I want to be successful, have a job, get married, have kids; or at least that's what everyone else had told me while I was growing up.
I didn't want to conform to that. My dreams didn't exactly match up with those. I wanted to sing. I wanted to travel the world. I wanted to be just like the Crocodile Hunter, what 11 year old didn't?
My dreams changed of course as I grew. I wanted to be a nurse. I wanted to work with computers. I wanted be an astronaut. Wait no. Maybe a veterinarian. Or I could be famous. I wanted to do everything and anything I could learn to do.

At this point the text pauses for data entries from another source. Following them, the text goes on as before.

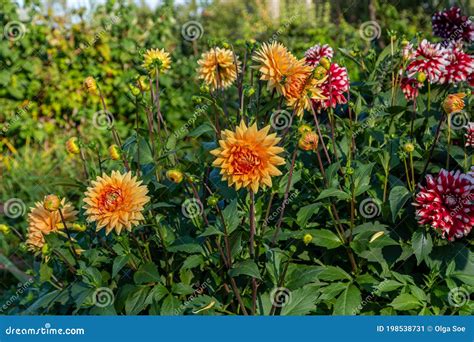 Orange Dahlia in the Garden Stock Image - Image of colorful, decorative ...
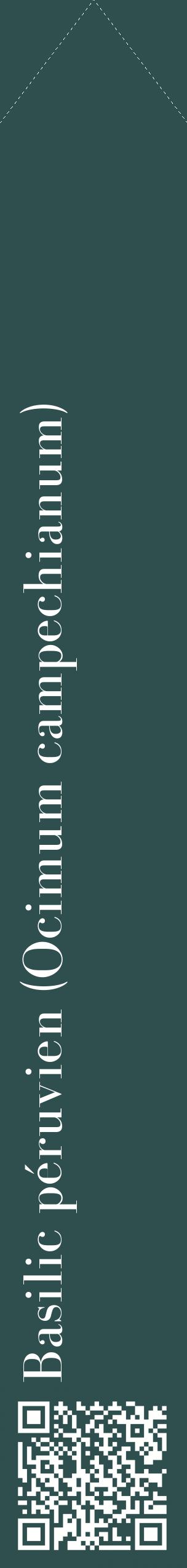 Étiquette de : Ocimum campechianum - format c - style blanche58_simplebod avec qrcode et comestibilité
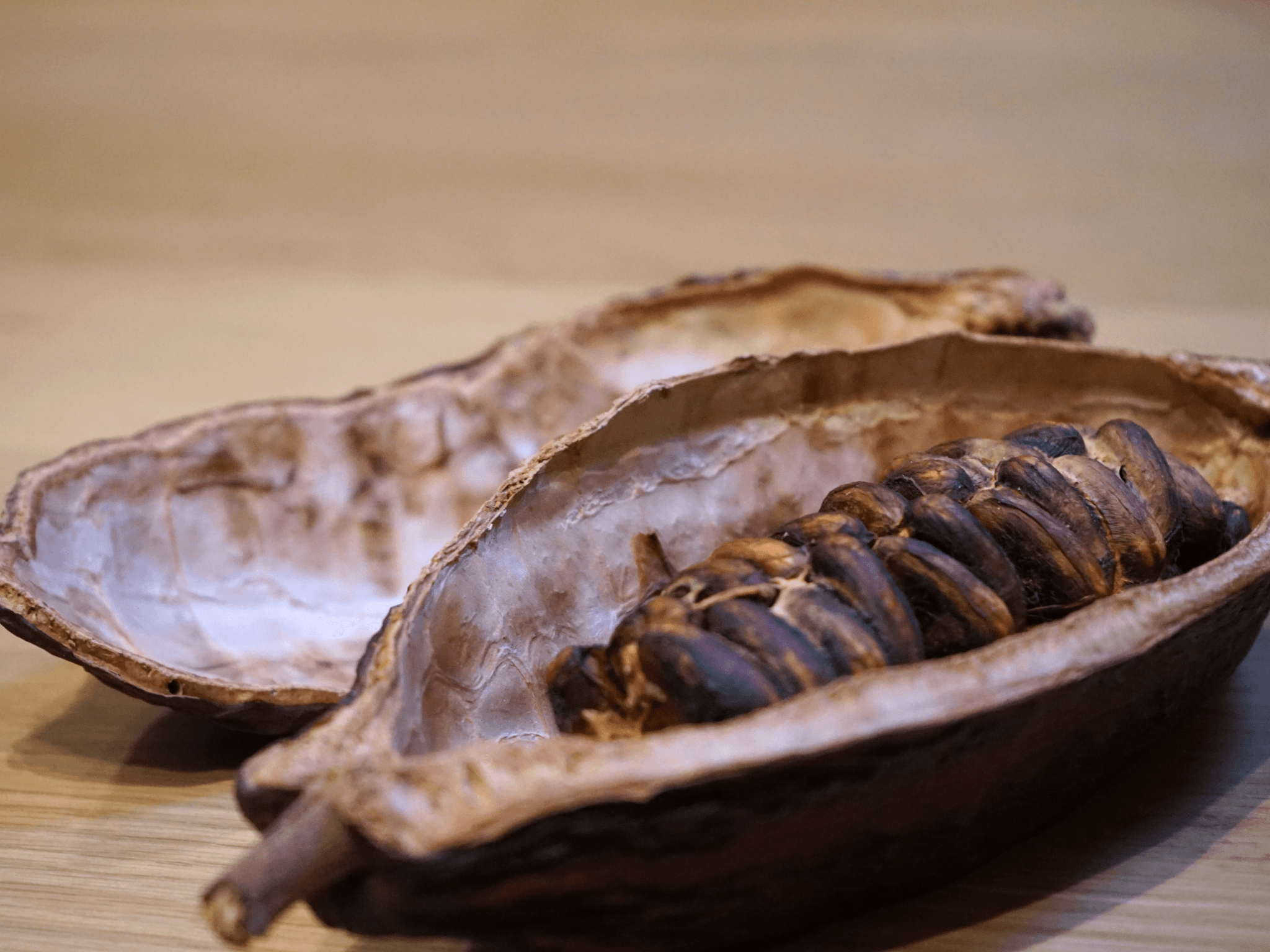 Fine Chocolate Tasting in Turin - cover photo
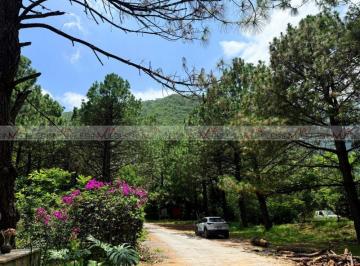 Terreno / Lote · 1232m² · Terreno / Lote en Venta en Cieneguilla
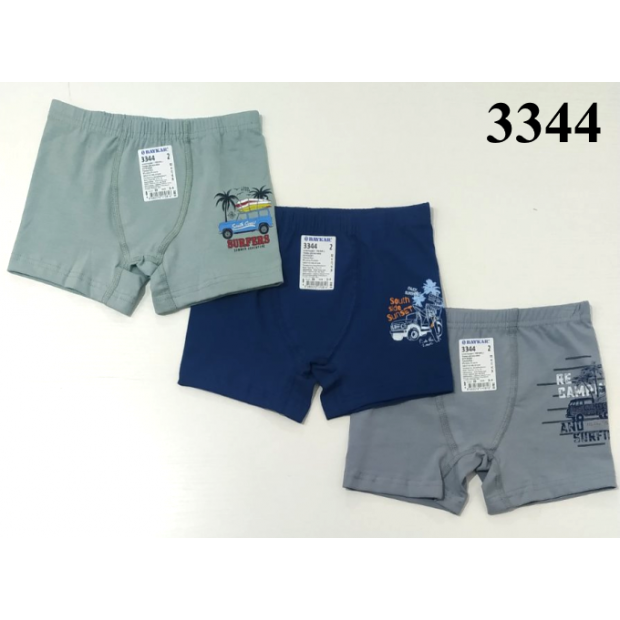 BR Шорти боксери для хлопчика 3344  06   6(3) шт
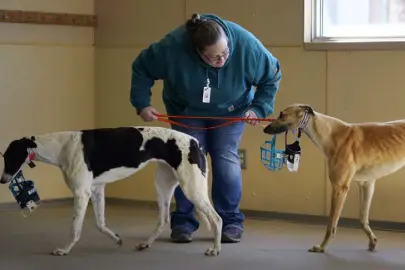  ?? Charlie Neibergall, The Associated Press ?? Heather Switzer leads two greyhounds to be weighed before a race at the Iowa Greyhound Park on April 16 in Dubuque, Iowa.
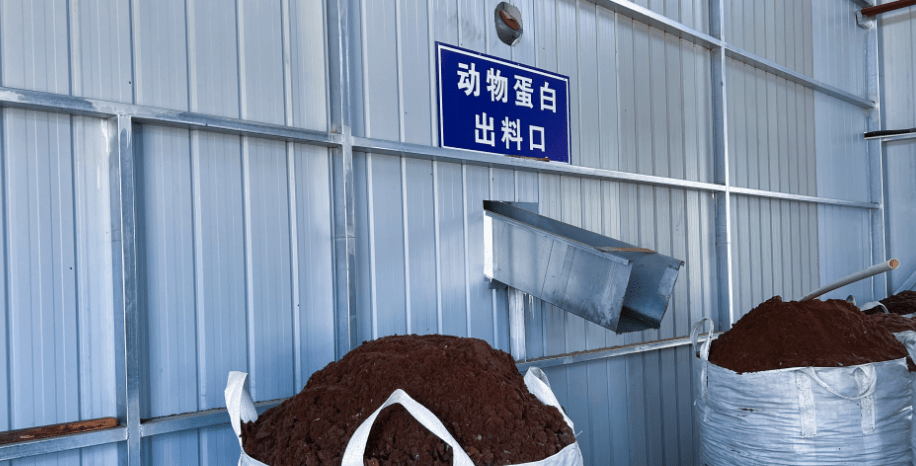 達拉特旗構建“五位一體”病死畜禽無害化處理模式，推動生物有機肥料研發保障食品與生態安全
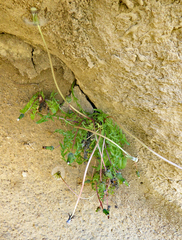 Taraxacum lambinonii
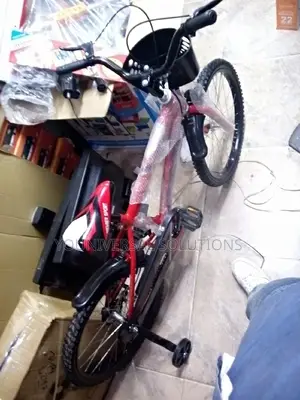 Premier Size 20 Bicycle.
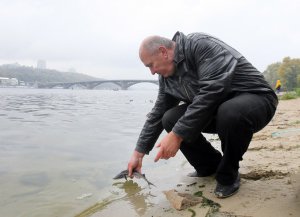 Олександр Чистяков відпускає рибу в Дніпро в Києві. За роки незалежності вилов риби в Україні скоротився майже у 13 разів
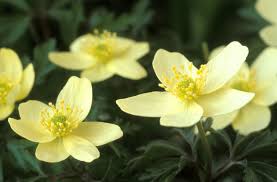 Image result for Anemonenarten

For a while I conformed to those ideas everyone had told you to do when you were a grown up.
"I want 3 kids of my own."
"I want to get married as soon as possible."
"I want to be a stay at home mom."
"I want to be practical."
Then I knew what I wanted. Or so I thought.

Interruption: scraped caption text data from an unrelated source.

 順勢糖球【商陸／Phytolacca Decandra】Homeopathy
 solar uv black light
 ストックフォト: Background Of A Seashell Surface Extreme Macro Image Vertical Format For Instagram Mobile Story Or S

I'm different now. Always changing.
The one thing that I am sure of is this one thing.
STOP.
ASKING.
I'm a kid. Barely an adult. I change my mind.
There was nothing wrong with my dreams. They were mine and they were me.
I've let it go. I'm different. I know that.
But I know myself now. I know what I want.
"I want to finish college."
"I want to adopt kids, I don't want any of my own."
"I want to live somewhere besides Indiana."
I want to be happy. I want to cuddle up next to the love of my life every night and wake up next to them the very next day. I want to eat my cereal at a table in my dining room with hopefully, my future children. I want to live somewhere where it always rains, I've always wanted to go to Oregon. Maybe I'll end up there. But there are so many things to go through before I'm there.
I'll be a teacher and will love everyday of it.
I'll be a mother and love unconditionally.
I'll travel and cherish every minute of it.
I will learn how to be myself eventually.
I'll be happy and that's what I've always wanted to be.